INSTRUCTIONS TO FOLLOW
Which of the lines below mention the word "Black"? Pull each one out.

MATERIAL PROVIDED
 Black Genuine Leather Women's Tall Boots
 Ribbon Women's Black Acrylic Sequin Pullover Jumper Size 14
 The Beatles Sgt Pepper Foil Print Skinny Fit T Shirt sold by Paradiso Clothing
==
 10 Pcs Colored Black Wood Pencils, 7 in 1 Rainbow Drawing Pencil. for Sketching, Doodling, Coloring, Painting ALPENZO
* * *
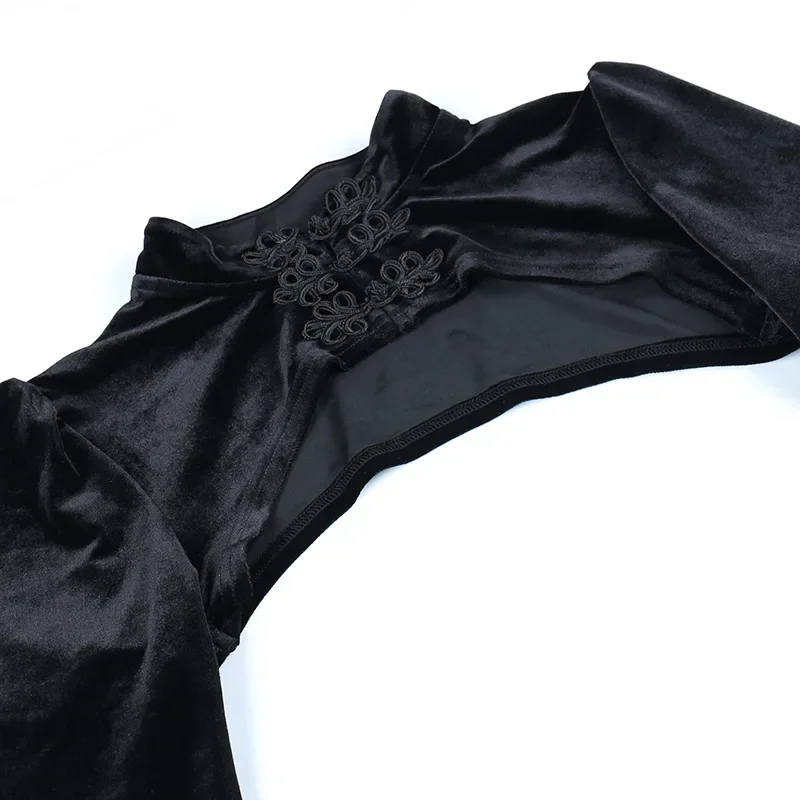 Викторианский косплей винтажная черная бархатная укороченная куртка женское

EXERCISE ANSWER
 Black Genuine Leather Women's Tall Boots
 Ribbon Women's Black Acrylic Sequin Pullover Jumper Size 14
 10 Pcs Colored Black Wood Pencils, 7 in 1 Rainbow Drawing Pencil. for Sketching, Doodling, Coloring, Painting ALPENZO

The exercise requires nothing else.